A nossa cultura tem sido avessa à avaliação. Falamos da avaliação enquanto recolha e análise sistemática de dados acerca de processos e desempenhos para a realização de objectivos, de modo a permitir a tomada de decisões para melhorar aqueles processos e para atingir os objectivos.

Diz o senso comum que os portugueses são muito opinativos. Emitem opiniões acerca de tudo. «Eu penso, eu julgo, parece-me, a meu ver», etc, são frequentes inícios de conversas. Este texto não escapa a essa tendência. É uma opinião. Temos muito em conta a nossa experiência de vida e, em função disso, julgamos e avaliamos as situações e as pessoas. E há também a intuição que ajuda muito nestas coisas. Naturalmente que, cada um, julga à sua maneira. Mas, nesse julgamento, parece predominar a tendência para vislumbrar a qualidade e o mérito das «coisas», a olho. E esta atitude estende-se e prevalece em contextos e processos formais. Os projectos são orientados para objectivos muito concretos ou muito vagos, depois logo se vê, em retrospectiva, como correu e quais foram os produtos para depois dizer que correu mal ou correu bem, que foi interessante, que foi «giro». Mesmo em projectos em que é esperado que a avaliação constitua um elemento central, ela não passa, muitas vezes, de um aditamento a ter em conta «a posteriori» ou que é, mesmo, dispensável.
Tudo isto para dizer que a nossa cultura tem sido avessa à avaliação. Falamos, claro, da avaliação enquanto recolha e análise sistemática de dados acerca de processos e desempenhos para a realização de objectivos, de modo a permitir a tomada de decisões para melhorar aqueles processos e para atingir os objectivos. Temos em relação à avaliação uma atitude relutante e negativa. Vemo-la enquanto processos punitivos que passam pela exposição das nossas fragilidades e pela eventualidade de decisões penalizadoras. É uma atitude com raízes na moral judaica-cristã, reforçada por uma concepção de avaliação salazarista. As iniciativas e os debates, desenvolvidos durante a última década, para consolidar nas instituições uma cultura de avaliação, têm tido pouco impacto. As políticas e as estratégias para o fazer são, frequentemente, submergidos ou contornadas por aquelas resistências históricas, ideológicas e culturais em que se incluem aspectos pessoais, corporativos, sindicais, etc. Criam-se expectativas, mobilizam-se recursos e pessoas para lançar projectos que depois são interrompidos sem deles, por via da avaliação, se terem retirado conclusões que fundamentem decisões (inclusivé para interromper o processo) ou sustentem novas iniciativas - projectos e percursos. A fragilidade ou ausência de uma cultura de avaliação, nas diversas estruturas da sociedade portuguesa, cria um clima de descontinuidades com impacte em diversos níveis. Para além de impedir a consolidação de políticas e de processos, dificulta a afirmação e o reconhecimento técnico e científico de domínios de intervenção socialmente úteis.
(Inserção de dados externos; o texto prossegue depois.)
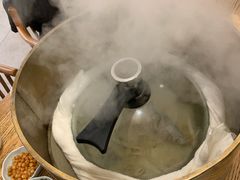 -云渔堂蒸汽石锅鱼(万达店)
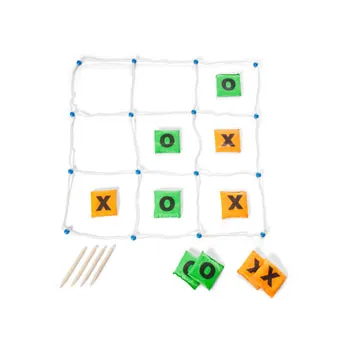 BS Toys - Giant Tic Tac Toe - Modern Teaching Aids NZ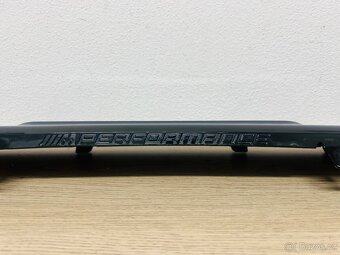 BMW G20 G21 M Performance Diffusor 51122455822 - 2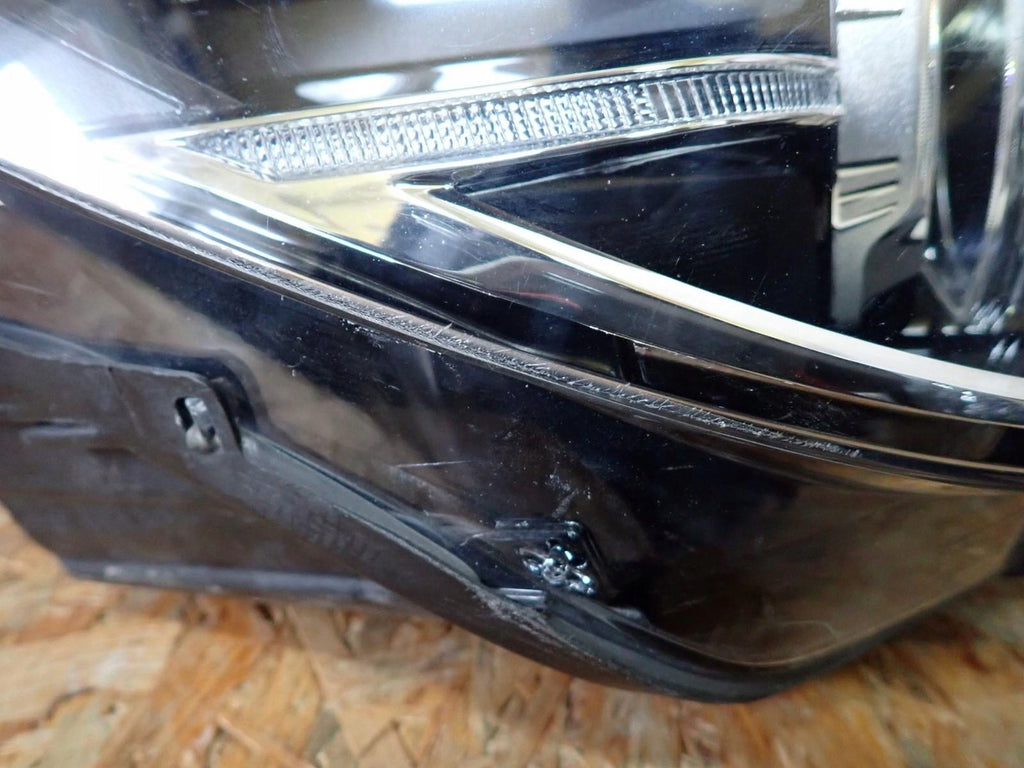 Frontscheinwerfer BMW 3 F34 8738724-02 Full LED Rechts Scheinwerfer Headlight SCH3079517085ov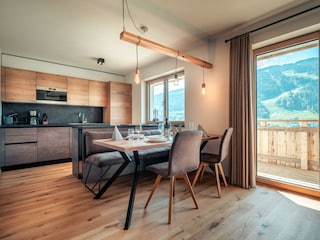 SUN SIDE TOP 16 Küche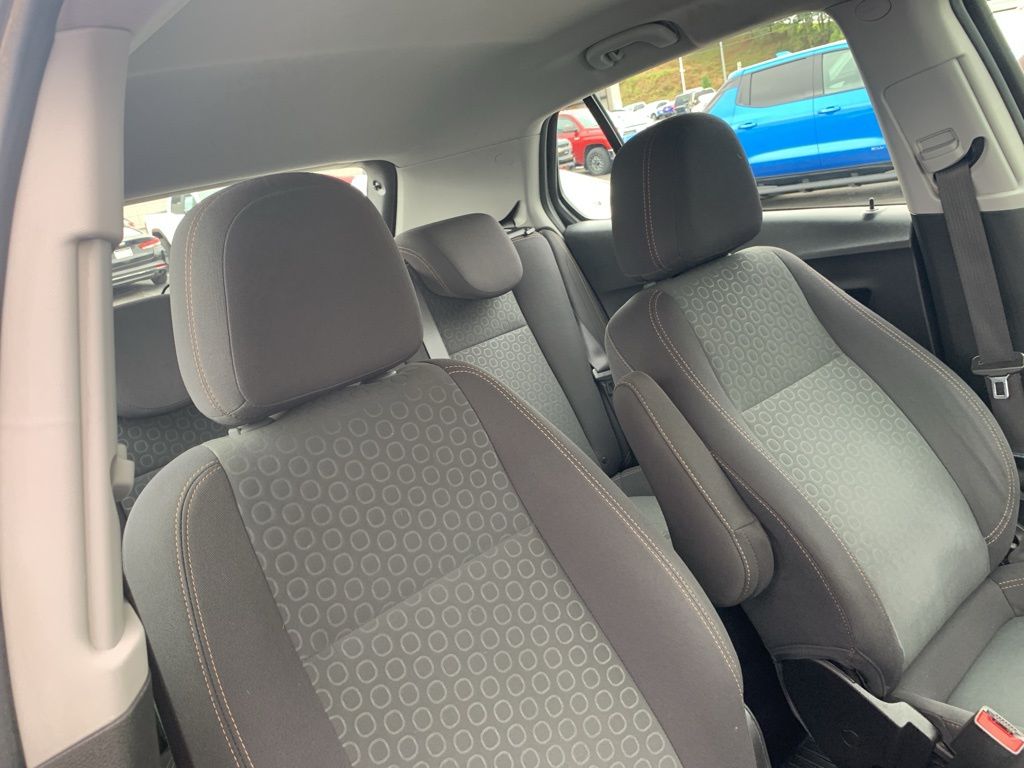2020 Chevrolet Trax LS photo 20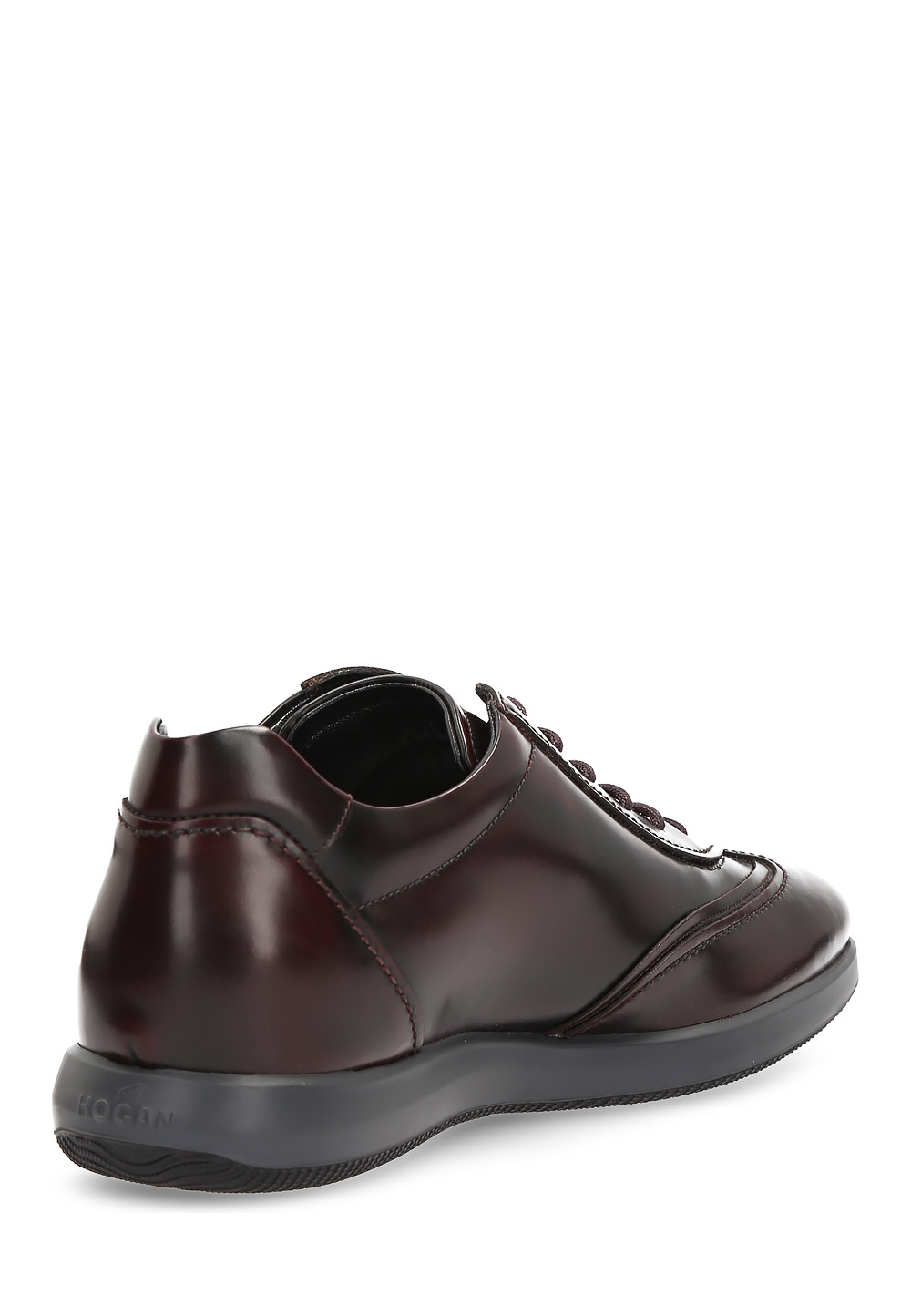 Hogan Scarpe stringate da uomo Marrone HXM2090S05066Q6R810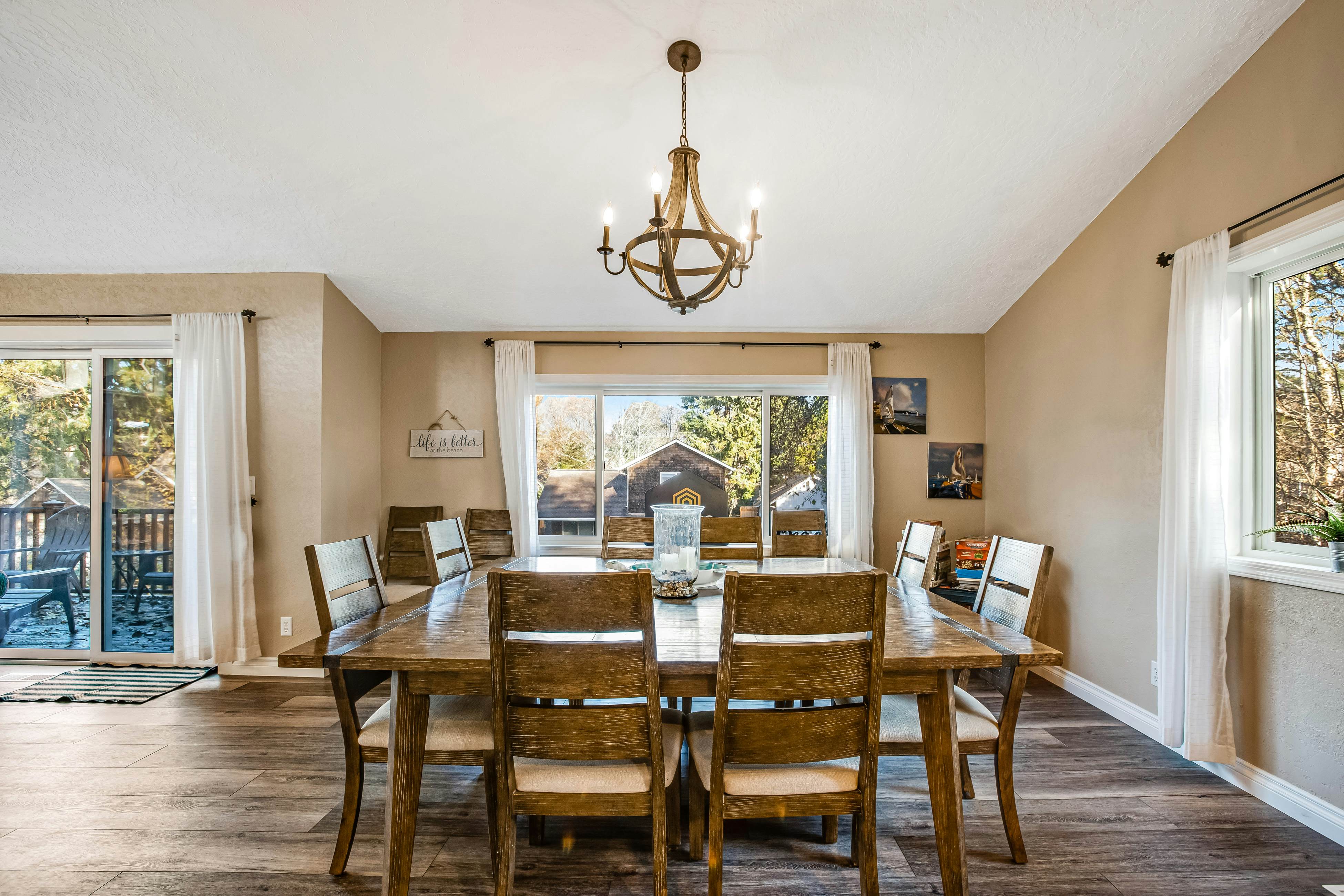 WindWard Dream Vacation Home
Quando a avaliação ? sistemática, participada e continuada - não é um elemento claramente consignado na preparação e desenvolvimento de um projecto, tendem a dispersarem-se os seus objectivos e a desenvolverem-se interesses e prioridades deslocadas do próprio projecto. E o vazio da avaliação permite todos os discursos e justificações; o terreno fica livre para interesses pessoais e corporativos que dificilmente podem ser colocados em questão se a avaliação não ocupar o lugar que deve ter na condução dos processos.
Há indicadores que levam a crer que a avaliação institucional externa das instituições do ensino superior ocorre, ainda, bastante à margem das pessoas. Passa pelo preenchimento pontual de uns formulários e alguns encontros. É, assim, entendida enquanto um processo burocrático pontual. Tem um período de realização e uma data de entrega dos dados recolhidos. Não parece, ainda, afirmar-se enquanto processo participado e continuado. É, provavelmente, um estádio necessário. A assunção, a nível interno, de atitudes, processos e dispositivos contínuos de acompanhamento e monitorização, parece ser a condição e a etapa seguinte indispensável.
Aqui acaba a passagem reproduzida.